(Items from a data source)
== == ==
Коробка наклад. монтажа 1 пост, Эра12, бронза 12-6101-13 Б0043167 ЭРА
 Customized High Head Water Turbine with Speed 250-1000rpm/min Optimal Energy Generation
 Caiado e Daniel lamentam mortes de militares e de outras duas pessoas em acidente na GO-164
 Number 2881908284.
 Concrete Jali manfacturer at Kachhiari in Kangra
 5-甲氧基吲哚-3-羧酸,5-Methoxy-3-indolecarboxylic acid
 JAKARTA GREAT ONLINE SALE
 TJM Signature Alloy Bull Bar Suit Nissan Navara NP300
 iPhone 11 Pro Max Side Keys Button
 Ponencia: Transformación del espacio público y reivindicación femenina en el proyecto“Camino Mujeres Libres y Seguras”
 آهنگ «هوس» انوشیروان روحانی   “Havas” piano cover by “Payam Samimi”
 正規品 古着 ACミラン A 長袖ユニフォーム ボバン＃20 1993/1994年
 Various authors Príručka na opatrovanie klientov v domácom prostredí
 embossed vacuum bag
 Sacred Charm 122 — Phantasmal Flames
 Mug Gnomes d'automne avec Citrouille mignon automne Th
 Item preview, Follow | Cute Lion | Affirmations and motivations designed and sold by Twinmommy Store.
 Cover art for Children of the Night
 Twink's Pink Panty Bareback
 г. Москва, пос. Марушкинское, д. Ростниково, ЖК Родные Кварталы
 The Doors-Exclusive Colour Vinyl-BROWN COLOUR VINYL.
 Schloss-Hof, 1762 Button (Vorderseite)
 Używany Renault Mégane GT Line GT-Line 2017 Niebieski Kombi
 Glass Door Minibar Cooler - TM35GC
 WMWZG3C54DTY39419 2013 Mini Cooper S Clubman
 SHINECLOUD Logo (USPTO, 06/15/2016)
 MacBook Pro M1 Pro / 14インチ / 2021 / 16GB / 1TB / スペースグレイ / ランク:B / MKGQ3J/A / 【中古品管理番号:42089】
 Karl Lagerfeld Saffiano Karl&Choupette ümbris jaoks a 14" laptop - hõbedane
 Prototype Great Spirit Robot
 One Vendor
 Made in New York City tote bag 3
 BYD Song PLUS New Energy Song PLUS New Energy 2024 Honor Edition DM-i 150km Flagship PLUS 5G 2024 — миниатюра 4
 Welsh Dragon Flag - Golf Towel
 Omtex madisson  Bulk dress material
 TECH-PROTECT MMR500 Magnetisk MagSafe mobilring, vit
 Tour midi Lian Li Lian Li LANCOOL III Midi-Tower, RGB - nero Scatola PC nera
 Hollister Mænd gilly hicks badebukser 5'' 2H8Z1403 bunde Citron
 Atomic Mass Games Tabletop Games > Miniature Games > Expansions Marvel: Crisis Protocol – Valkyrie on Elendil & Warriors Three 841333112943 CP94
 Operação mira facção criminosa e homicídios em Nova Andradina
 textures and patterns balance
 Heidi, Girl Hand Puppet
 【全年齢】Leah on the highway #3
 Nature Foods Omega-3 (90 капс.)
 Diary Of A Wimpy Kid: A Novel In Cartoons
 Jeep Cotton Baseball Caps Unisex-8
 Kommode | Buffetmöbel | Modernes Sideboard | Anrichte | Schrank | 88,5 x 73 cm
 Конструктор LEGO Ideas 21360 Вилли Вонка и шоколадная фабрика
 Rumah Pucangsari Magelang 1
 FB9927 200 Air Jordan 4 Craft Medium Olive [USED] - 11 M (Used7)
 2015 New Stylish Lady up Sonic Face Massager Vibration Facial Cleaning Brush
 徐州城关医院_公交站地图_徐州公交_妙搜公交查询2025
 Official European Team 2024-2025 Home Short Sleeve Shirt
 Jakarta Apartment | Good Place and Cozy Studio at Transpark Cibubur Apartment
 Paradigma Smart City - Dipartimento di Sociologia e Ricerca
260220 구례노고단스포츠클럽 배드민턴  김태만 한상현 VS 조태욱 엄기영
== == ==
> **What is needed**:
Find every line in the records that contains the word "Button"; copy those lines.

> **The completed task**:
 iPhone 11 Pro Max Side Keys Button
 Schloss-Hof, 1762 Button (Vorderseite)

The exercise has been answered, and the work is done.